Implementation Checklist¶
For teams deploying Director-AI as part of EU AI Act compliance:
- Deploy
AuditLogin production — log every scored interaction to the compliance database. - Set domain-appropriate thresholds — use
DirectorConfig.from_profile()or tune withdirector-ai tune <labeled.jsonl>. - Schedule compliance reports — run
ComplianceReporter.generate_report()monthly, or pass explicitsince/untiltimestamps. Include the output in Article 11 technical documentation. - Enable drift detection — configure
DriftDetectorwith your baseline accuracy. Wire alerts to your incident management system. - Implement human review — build an application-side reviewer workflow for low-confidence responses; do not treat
ReviewQueueas a human-review system. - Run regression benchmarks — after every KB update or model change, run
director-ai benchto verify accuracy hasn't degraded. - Document limitations — state clearly that Director-AI covers factual coherence only. Combine with other tools for toxicity, bias, PII.
Timeline¶
| Date | Milestone |
|---|---|
| August 1, 2024 | EU AI Act entered into force |
| February 2, 2025 | Prohibited AI practices take effect |
| August 2, 2025 | GPAI model obligations take effect |
| August 2, 2026 | High-risk AI system obligations take effect |
| August 2, 2027 | Obligations for Annex I high-risk systems |
The high-risk deadline is 4 months away at time of writing. Systems deployed before August 2, 2026 must comply by the deadline.

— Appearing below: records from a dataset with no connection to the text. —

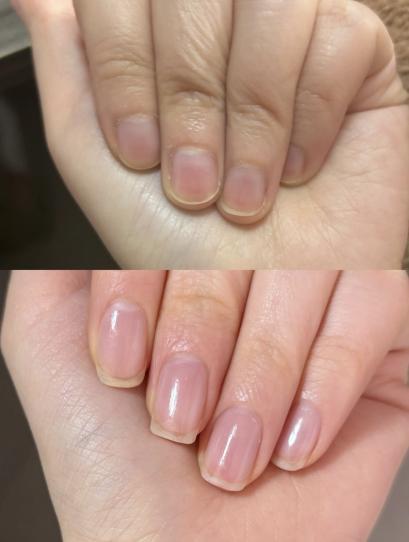 LOVILDS™ Extra Strength Toenail Fungus Treatment – Triple Action Antifungal Solution for Nail Repair & Renewal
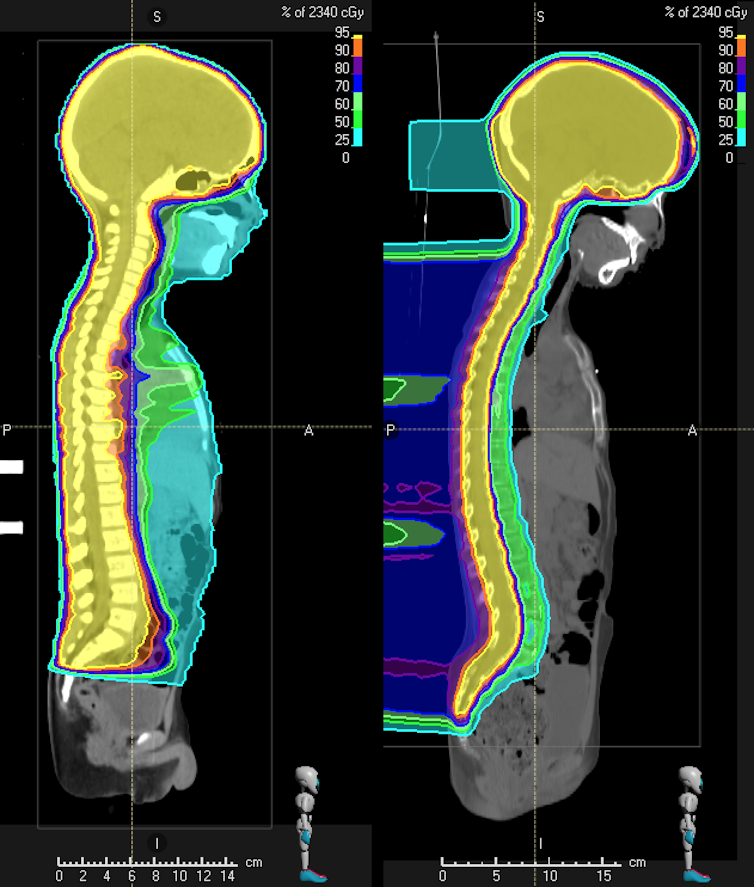 Plans d’irradiation pour le cancer du cerveau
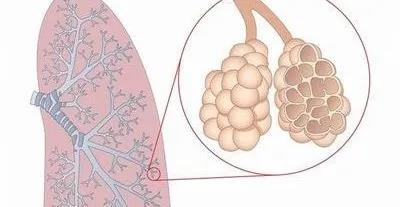 肺气肿不及时治疗，3大并发症可致命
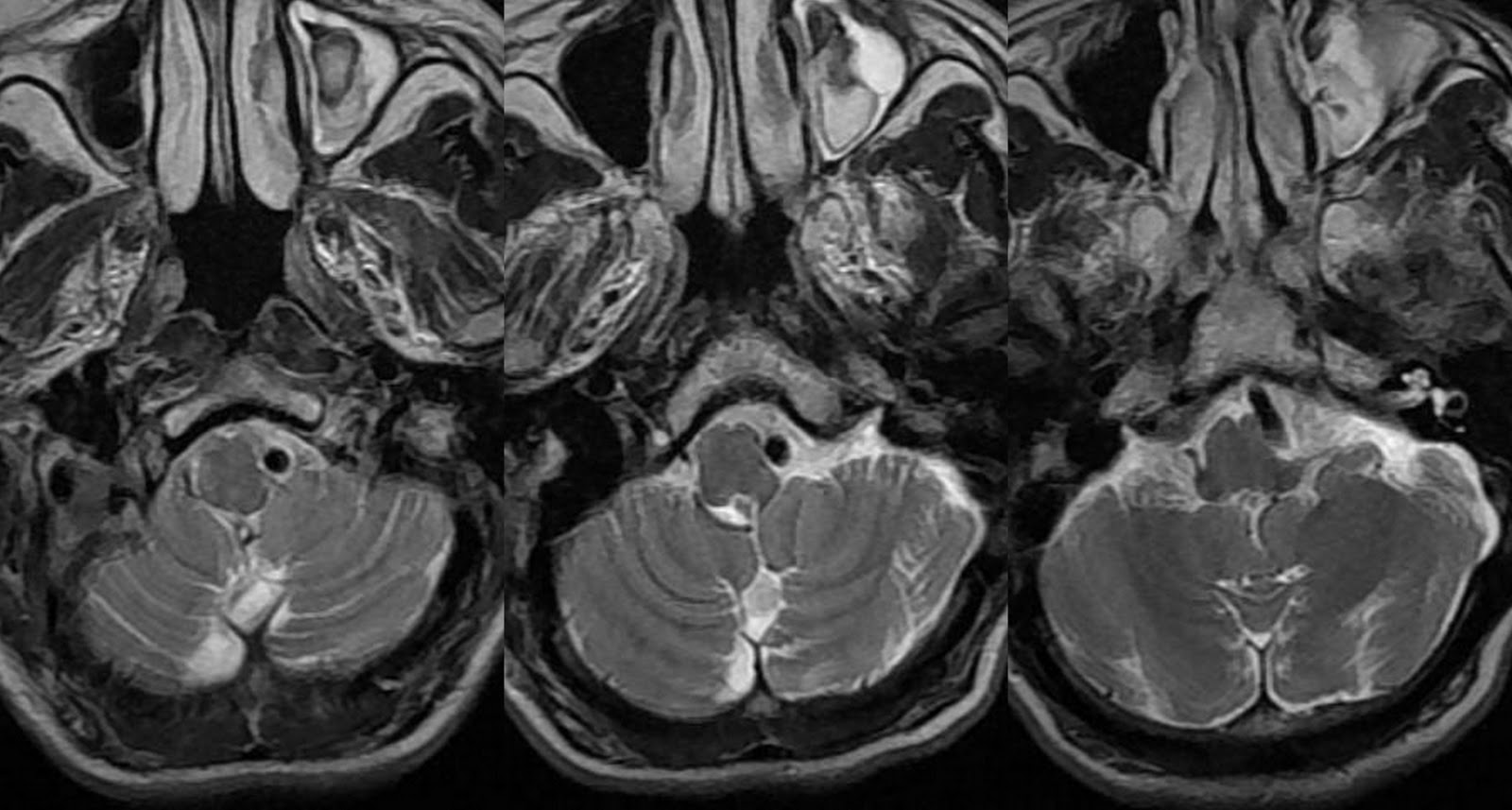 Dr Balaji Anvekar FRCR Vertebral Artery Compressing Medulla Dr Balaji Anvekar FRCR Vertebral Artery Compressing Medulla
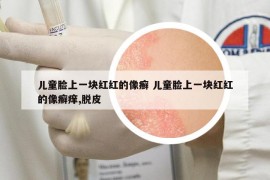 兒童臉上一塊紅紅的像癬 兒童臉上一塊紅紅的像癬癢,脫皮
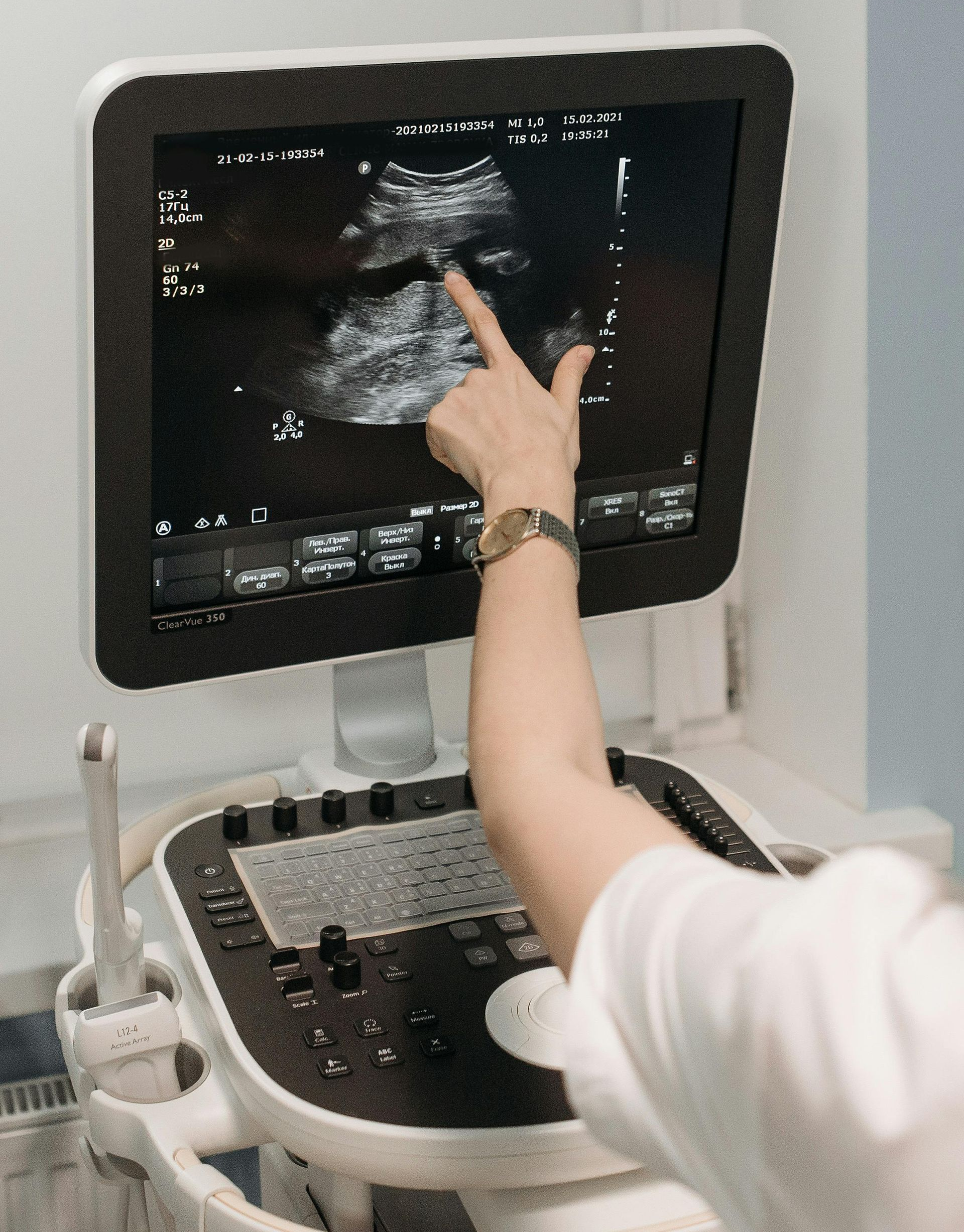 Person points at ultrasound image on a medical device screen.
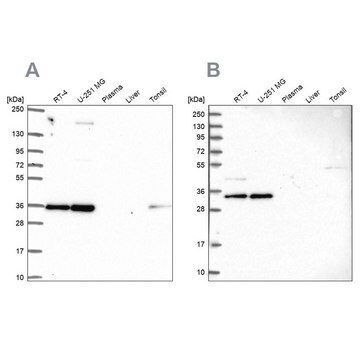 Anti-NOSIP antibody produced in rabbit Prestige Antibodies&#174; Powered by Atlas Antibodies, affinity isolated antibody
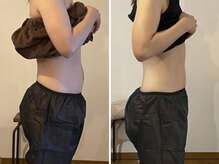 1回の施術でむくみが解消し、お腹まわりもスッキリ♪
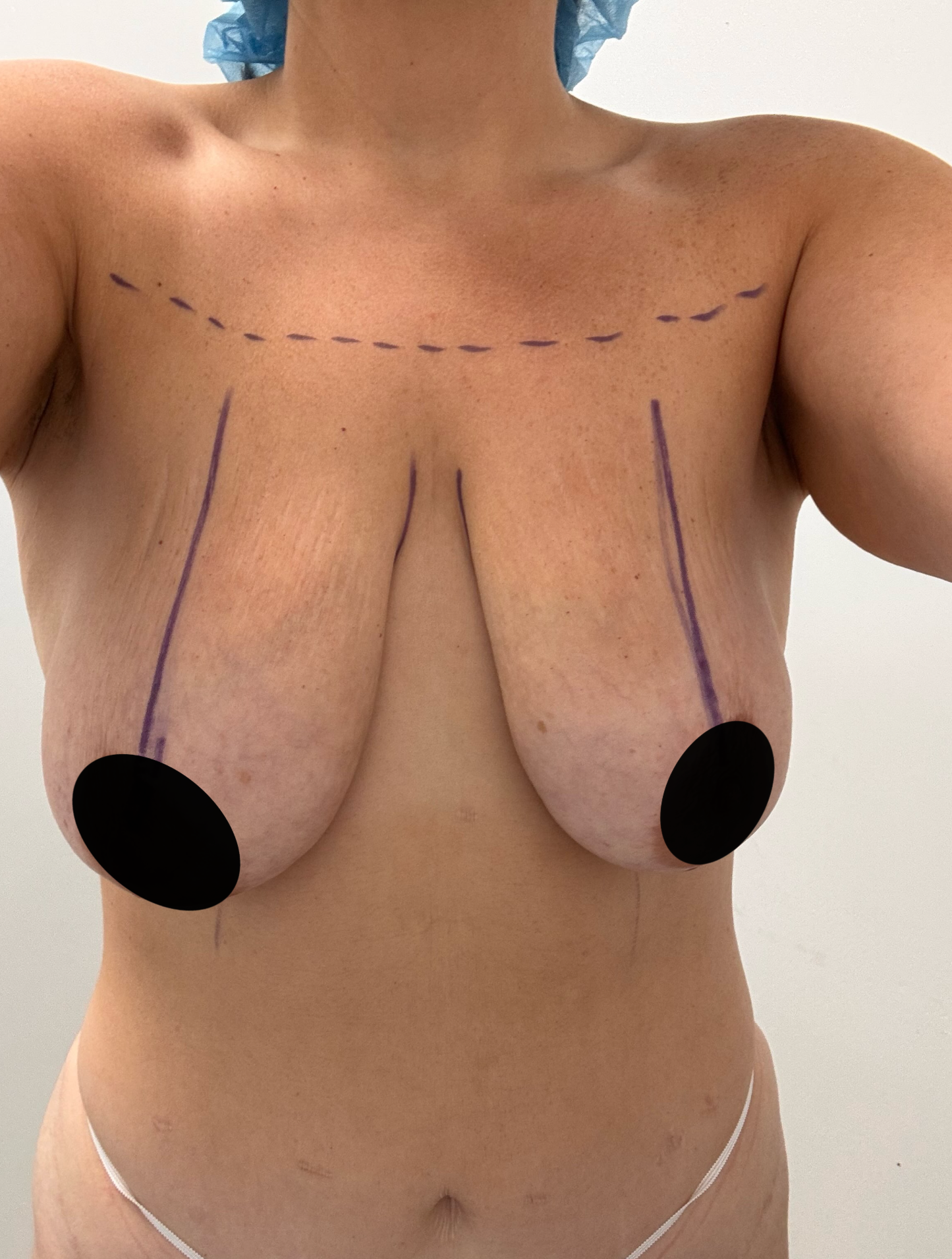 Before and after Breast Lift result 1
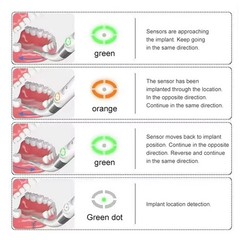 Dental Implant Locator 360° Rotating Minimal Invasive Spotter Detector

Systems already on the market have until August 2, 2027 if they are substantially modified.
Further Reading¶
- EU AI Act full text (EUR-Lex)
- Compliance Reporting guide — detailed API reference for
ComplianceReporter - Architecture overview — how the scoring pipeline works
- Threshold Tuning — finding the right coherence threshold for your domain
Director-AI provides the accuracy measurement and audit evidence layer. It is one component of a complete EU AI Act compliance programme, not a substitute for legal review or conformity assessment.